Essa preguiça coletiva aparece em lugares onde jamais deveria surgir. Escritórios recebem estagiários e jovens profissionais que nunca abriram um computador de mesa. Sabem desbloquear um celular, fazer dancinha no TikTok e editar vídeos com filtros complexos, mas travam ao tentar salvar um arquivo em PDF ou enviar um e-mail formal. Não é falta de capacidade; é falta de hábito. Um mundo que se adaptou demais ao toque da tela esqueceu que os fundamentos ainda importam.
Sobrevivência digital
A preguiça também molda os nossos olhos. Não conseguimos mais distinguir com clareza o que é real e o que é fruto de inteligência artificial. Entre deepfakes tecnicamente impecáveis e conteúdos gerados por IA que imitam vozes, gestos e até emoções, o ceticismo virou necessidade básica de sobrevivência digital.
Só que, ironicamente, essa mesma necessidade exige esforço, e aí reside o problema. Dá trabalho verificar, investigar, desconfiar. E muita gente prefere acreditar no primeiro vídeo que aparece, especialmente se ele reforça o que a pessoa já gostaria que fosse verdade.
O entretenimento sofre o mesmo efeito. Filmes densos, complexos ou lentos demais exigem uma atenção que poucos estão dispostos a conceder. É mais fácil abandonar uma obra rica em troca de um algoritmo que entrega, sem interrupções, aquilo que diverte rápido e evapora rápido. A profundidade está se tornando um incômodo. E, quando complexidade vira sinônimo de tédio, perdemos a capacidade de argumentar, de debater, de discordar com consistência.
O fim do bom debate?
Discutir, aliás, tornou-se quase um esporte de baixa exigência técnica: cada um defende sua opinião como se fosse um time de futebol, sem ler, ouvir ou refletir. Preferimos certezas prontas. Preferimos frases curtas. Preferimos aquilo que não nos confronta. É a era em que se terceiriza até o pensamento.
Há, sim, fatores estruturais envolvidos: sobrecarga de trabalho, desigualdades profundas, falta de acesso e oportunidades. Mas há também um conforto perigoso na simplicidade instantânea, que anestesia a curiosidade e afeta diretamente nossa capacidade de pensar criticamente como sociedade, como profissionais e como cidadãos.

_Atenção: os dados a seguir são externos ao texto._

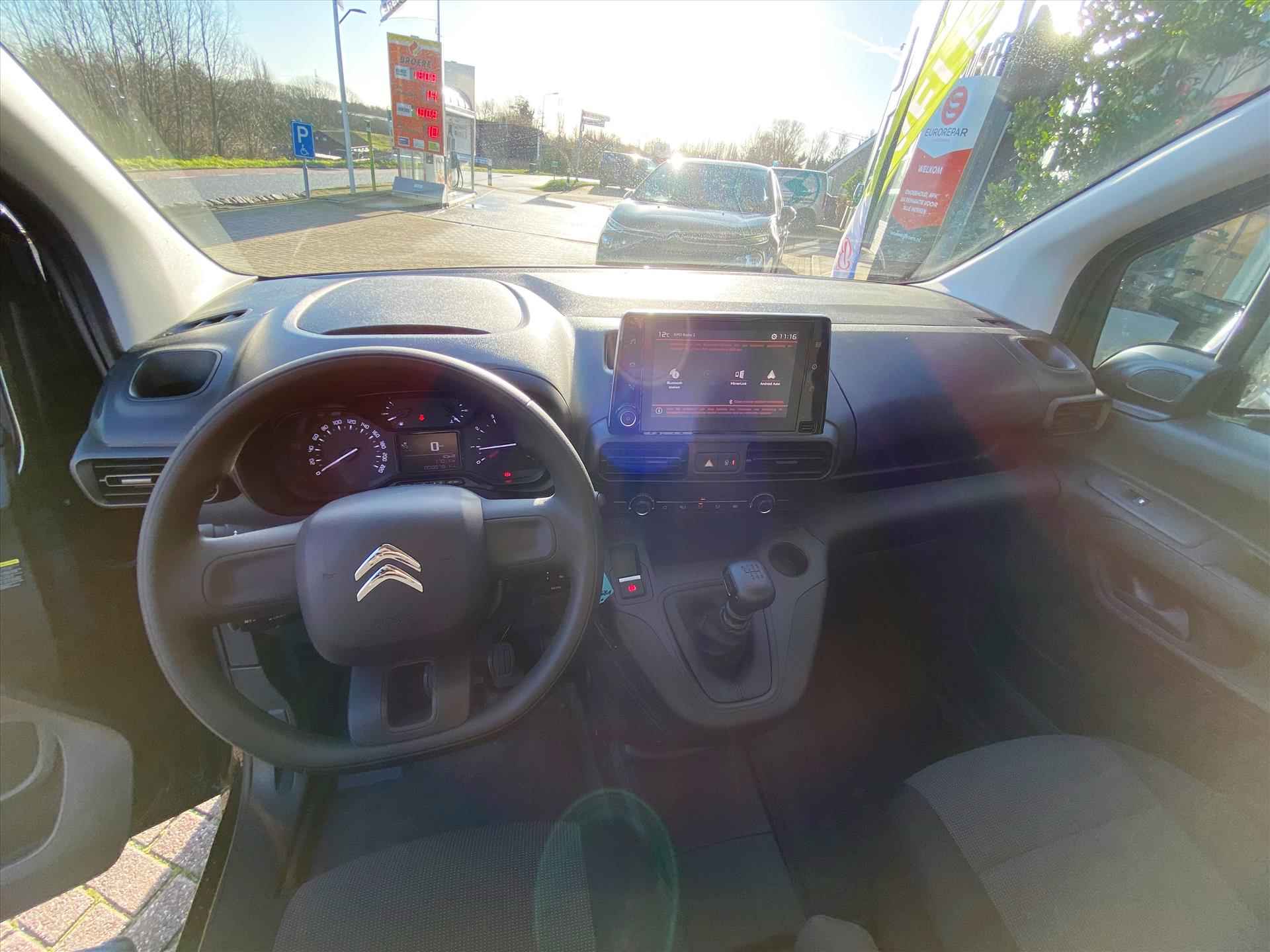 Citroen Berlingo Van GB 1.5 BlueHDi 100pk L1 Club | 2 zits,  navigatie via apple carplay en android auto, airconditioning, cruise control, mistlampen - 8/48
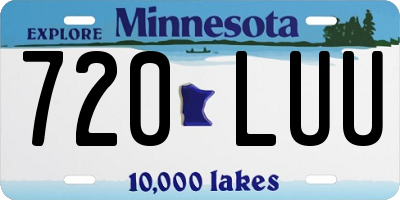 MN license plate 720LUU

Superar essa preguiça coletiva não exige heroísmo, apenas consciência. Reintroduzir, pouco a pouco, a fricção saudável: ler algo mais longo, assistir a um filme sem o celular ao lado, perguntar “será?” antes de compartilhar um vídeo, aprender a usar as ferramentas básicas da vida digital contemporânea.
A tecnologia deveria ampliar nossos horizontes e não os encolher. O futuro não pertence aos mais rápidos, mas aos mais atentos. E atenção, hoje, é quase um ato de rebeldia.
E, no final das contas, você sabe quem ganha com essa preguiça coletiva?